Sunday, March 18, 2012


It was a week ago that I found out I would have to be moving from my site. I met with the Country Director, the Security Officer, and my Program Manager, and they all agreed it would not be safe for me to continue living there.

I'd come into Asunción six days before that after a phone call from the Country Director saying he wanted to talk to me in person about something, and that I should come in as soon as possible. I did, only packing a pair of underwear and a t shirt, expecting and hoping to be able to return the next day and get in at least a couple full days that week at the Escuela Básica, which was still getting started with the school year.
I ended up not going back to site until last Thursday, 9 days later, when I rode up with Eduardo, a Peace Corps driver, in a pick up to pack up my belongings. I didn't interact with many people that day and we left town around 5 to return to the city, but the next day I rode up again with my Program Manager to talk with a few of my counterparts and say goodbye to those few I would have time for before leaving again for Asuncion.
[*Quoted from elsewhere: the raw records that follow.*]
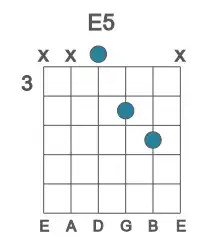 Guitar voicing #2 of the E 5 chord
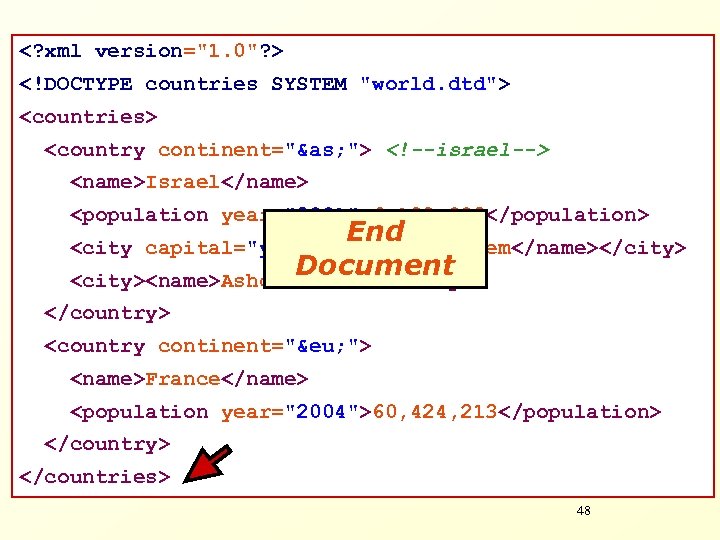 <? xml version="1. 0"? > <!DOCTYPE countries SYSTEM "world. dtd"> <countries> <country continent="&as; ">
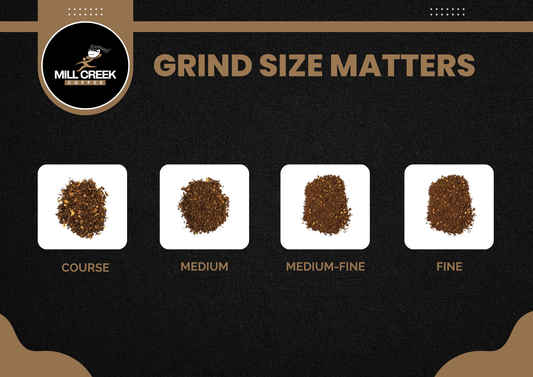 Why Coffee Grind Size Matters: How the Right Grind Profile Brews Better Coffee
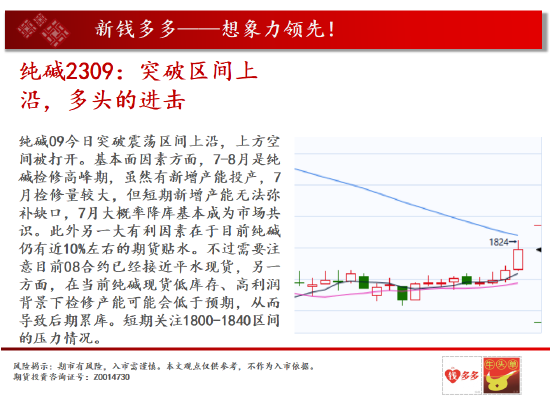 中天期货:棕榈年线承压 棉花风来雨来多头向上冲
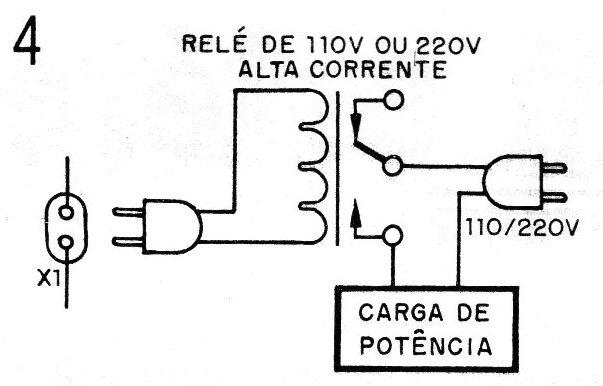 Figura 4 - Conexión de la carga
Figura 4 - Conexión de la carga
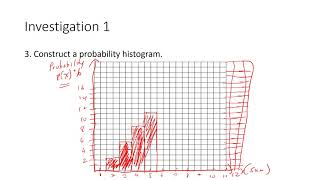 MDM4U - 4.1 - Probability Distributions Content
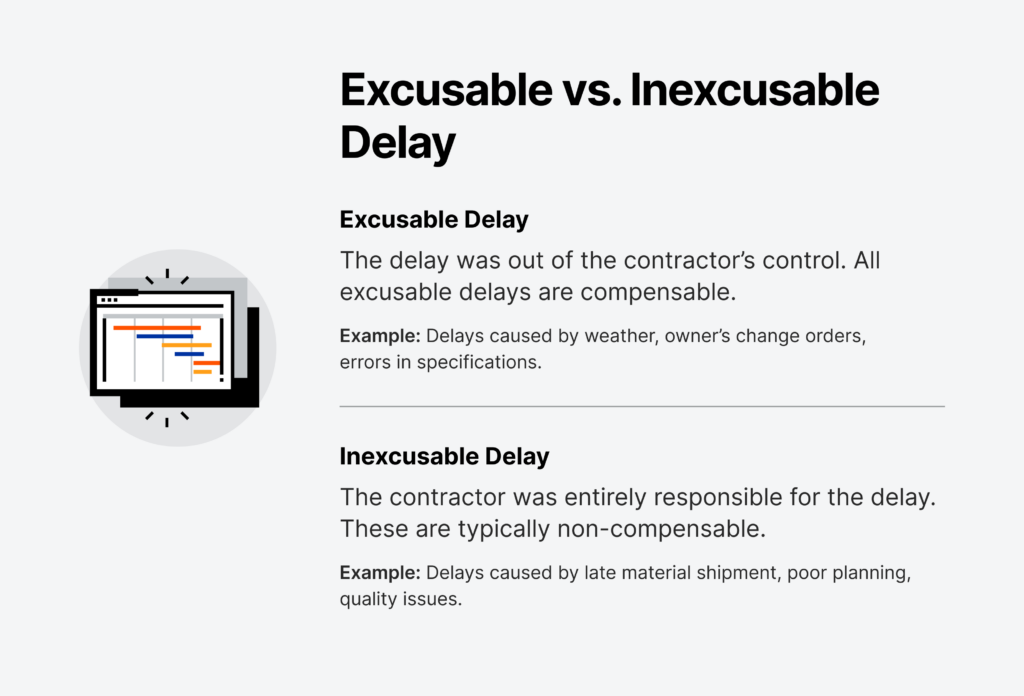 Graphic comparing excusable vs inexcusable construction delays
It breaks my heart to leave behind my community, my home, my friends and aquiantinces, my students and my plans. I feel terrible for abandoning so many kind people without so much as a "chau" after they welcomed me into thier lives. I've spent most of the last year in Nueva Germania trying to get to know people and understand how things work in anticipation of this year. I did do some work that I am proud of: my summer reading class, diagnostic testing, library reorganization, diadactic materials work; but mostly it was all short term, dubiously sustainable, and uncomplete.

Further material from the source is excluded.